Doctors in the United States used CRISPR gene editing to treat a baby named KJ, who was diagnosed shortly after birth with carbamoyl-phosphate synthetase 1 deficiency (CPS1). This rare genetic disorder causes a dangerous buildup of ammonia in the blood, which can lead to seizures, coma, and death. The condition affects about one in every million newborns, and roughly half of the babies with CPS1 die early.

At six months old, KJ began receiving a customized CRISPR-based therapy at the Children’s Hospital of Philadelphia. The treatment reduced his dependence on daily medications to control ammonia levels. Doctors are closely monitoring his progress and describe the results as very promising.

CPS1 deficiency prevents the body from processing ammonia properly, which is toxic at high levels. Standard treatment includes a strict low-protein diet and often requires a liver transplant, both of which carry significant risks. The new CRISPR therapy targets the faulty gene in KJ’s liver that causes the enzyme deficiency. By precisely editing the DNA at the mutation site, the therapy allows the body’s cells to correct the error.

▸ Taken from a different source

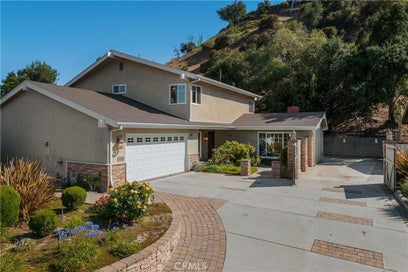 900 Chudleigh Lane Glendale CA 91207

This treatment represents a breakthrough in personalized medicine because it can be tailored to match an individual’s unique DNA. Although KJ’s case is still early, the success suggests that CRISPR could help many others with rare single-gene disorders.

Despite this progress, challenges remain. Delivering CRISPR therapy to organs other than the liver is complex and still under study. The cost of KJ’s treatment was over €700,000, making it expensive compared to standard care. Researchers are also evaluating long-term effects, as all risks are not yet fully understood. Many genetic diseases involve multiple mutations, which may limit CRISPR’s usefulness in more complex conditions.

Still, KJ’s case provides hope that gene editing could one day treat rare but deadly genetic disorders more safely and effectively. As research advances, scientists aim to develop more affordable and scalable therapies.